When a Smalltalk image saves, it's very analogous to a Windows or Linux box hibernating. The upshot of this -- you can think of the Smalltalk image as something like an OS that has been "up" since 1980! (With periods of hibernation.) The Squeak image is directly derived from the Smalltalk-80 image. The VisualWorks image has been incrementally evolved from it as well. The thing is a program that was brought up decades ago, and has hibernated, been replicated, but has never rebooted!
Steve is right that systems should never have to boot. You can have a whole OS that operates like that. (The Smalltalk image started out as an OS. In the original ST-80 image, there are 4 primitives for moving the drive head out, moving it in, lifting it off the platter, and putting it down!)
I have read a number of comments like this recently. I am very curious about what this implies but the person making the statement never gives an explanation.
Yegge at his grand best. But he didn't mention the most lively of all living software: software that gets smarter with use - i.e. makes use of using machine learning.
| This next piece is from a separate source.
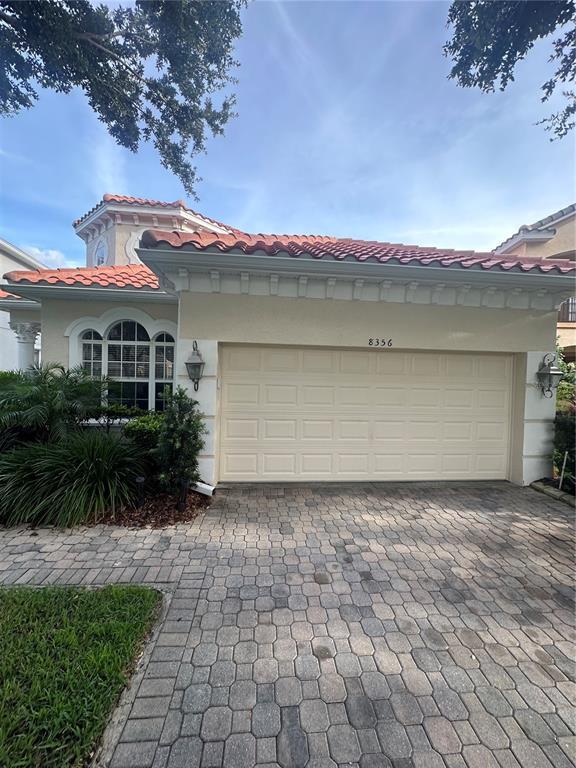 8356 Vía Bella Notte in Orlando, FL - Building Photo - Building Photo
This is the software that feels most alive to its creator and users. It grows like a dog or a child. The software Stevey talks about merely grows like a city.
Steve is right that systems should never have to boot. You can have a whole OS that operates like that. (The Smalltalk image started out as an OS. In the original ST-80 image, there are 4 primitives for moving the drive head out, moving it in, lifting it off the platter, and putting it down!)